El pasado queda entonces revelado, a través de una tercera persona y nunca del personaje principal, del que sólo somos testigos de su vuelta a rehacer un camino por el que ya ha transitado y que intenta volver a cruzar con ciertos aires redentores que le son negados por completo.

Antes de marcharse, le ofrece a su hija un objeto, que guarda con cariño en sus pequeñas manos y que la cámara nos niega. Él se marcha, mientras adoptamos la visión de la niña, que ve cómo ese desconocido que no es otro que su padre, desaparece entre la nieve nuevamente, tan misteriosamente como había llegado.
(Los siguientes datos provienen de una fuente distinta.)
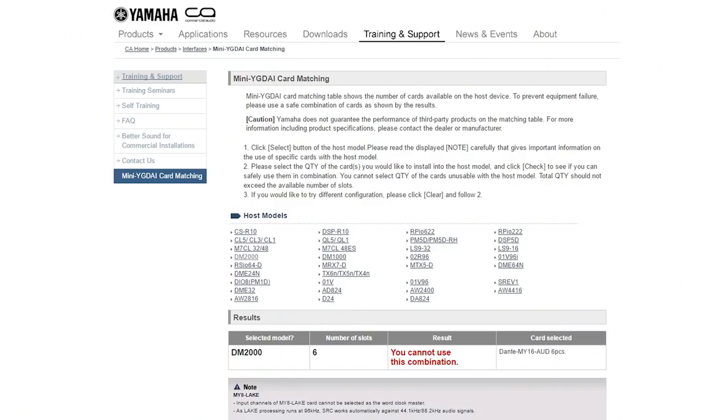The D-Live replaced a Yamaha DM2000, and originally I was planning on using it with its 96-channel capability for our broadcast mix through a Dante network. But I quickly found out that it can only support four Dante cards, which would limit me to 64 channels — half of what I needed and a little too much to give up.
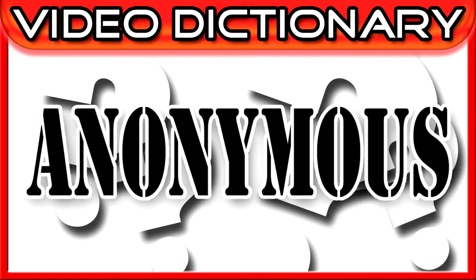Welcome to the Video Dictionary, where we explore the history, definitions, and context of the words we use every day. My name is Benjamin Lewis.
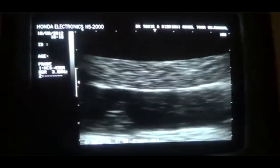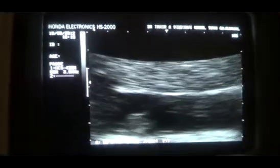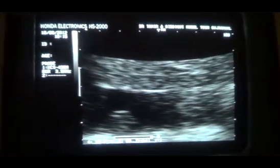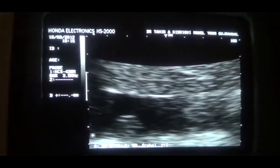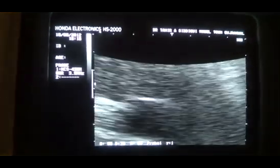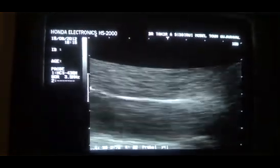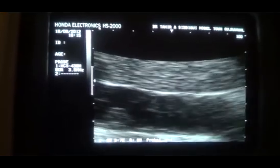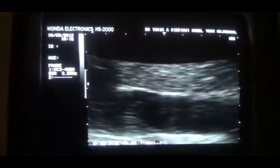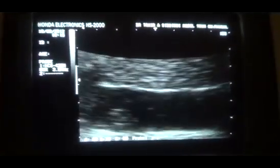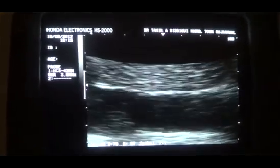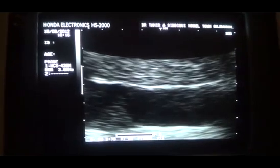You can see that the clot is there. This is the lumen of the inferior vena cava. This is the clot. Remember the shape of the clot — it persists in the same location. This is a short study regarding the clot in the inferior vena cava. Thank you.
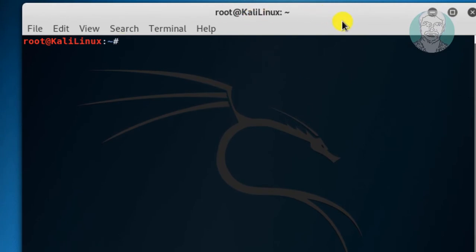Type nano space slash etc slash default slash grub.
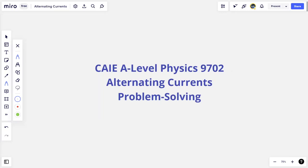Hello everyone, I'm Mr. K. Welcome back to Everything is Relative. Today we're going to be changing it up a bit and we're going to do some problem solving on the topic of alternating currents for Cambridge or CAIE A-level physics, subject code 9702. We've done a crash course in the past on this topic, but what's more important is to actually apply those concepts in solving problems. I've chosen a selection of random questions from past year exam papers, past year paper 4 questions, and done the solutions to them.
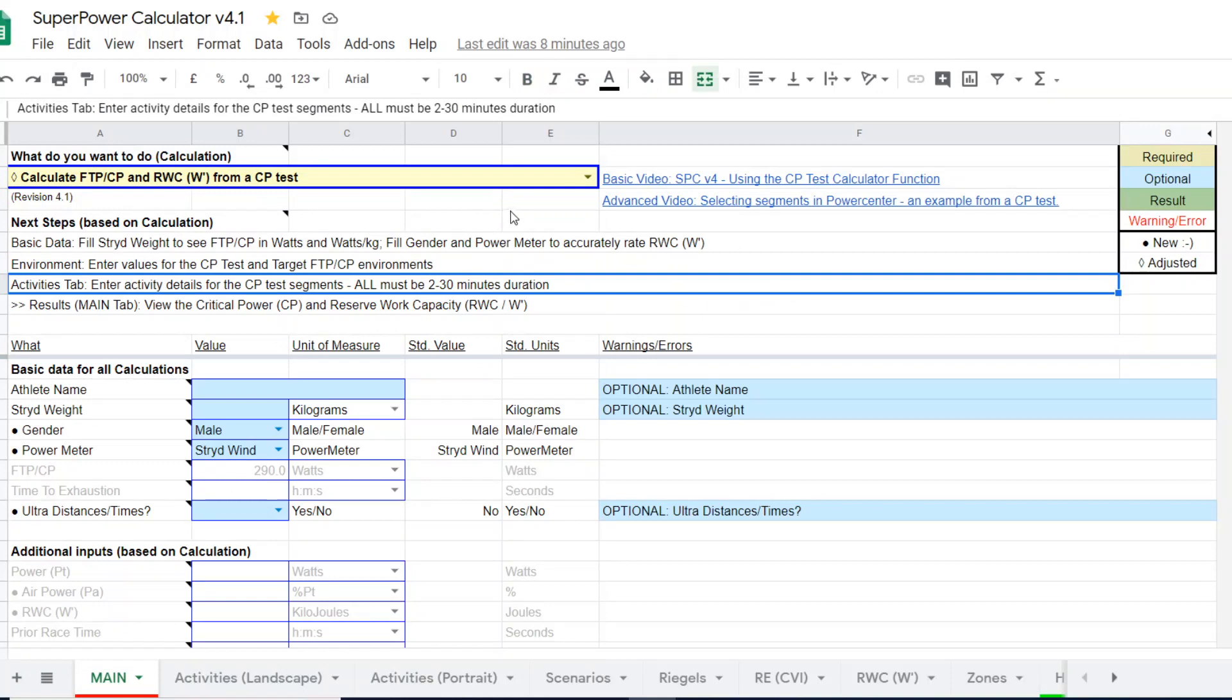Like all the calculators, required entry elements are in this gold color, optional elements are in blue, and the outcome results are in green.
En ese objeto que no se muestra parece que se encuentre todo lo que él significa ahora, parece haber depositado todo su ser, todo su afecto, parece haberle dado a ella todo lo que él tenía como símbolo de una petición de perdón que ni siquiera espera obtener.

De repente nos encontramos en un precioso epílogo, un camino que nos ha llevado sin quererlo, sin darnos cuenta, a los confines del mundo en una aldea abandonada, y a la historia de una niña que traza también su propio camino interior, el de alguien que desconoce su verdadera historia y cuya deficiencia mental no impide que se cuestione las mismas preguntas que el espectador.

Entonces mete su mano en el bolsillo de la chaqueta y encuentra el regalo de su padre. Lo mira con ternura, pero también con la enorme frustración de no comprender su significado. Es un llavero enorme de metal, con letras rojas. En él puede leerse: Liverpool.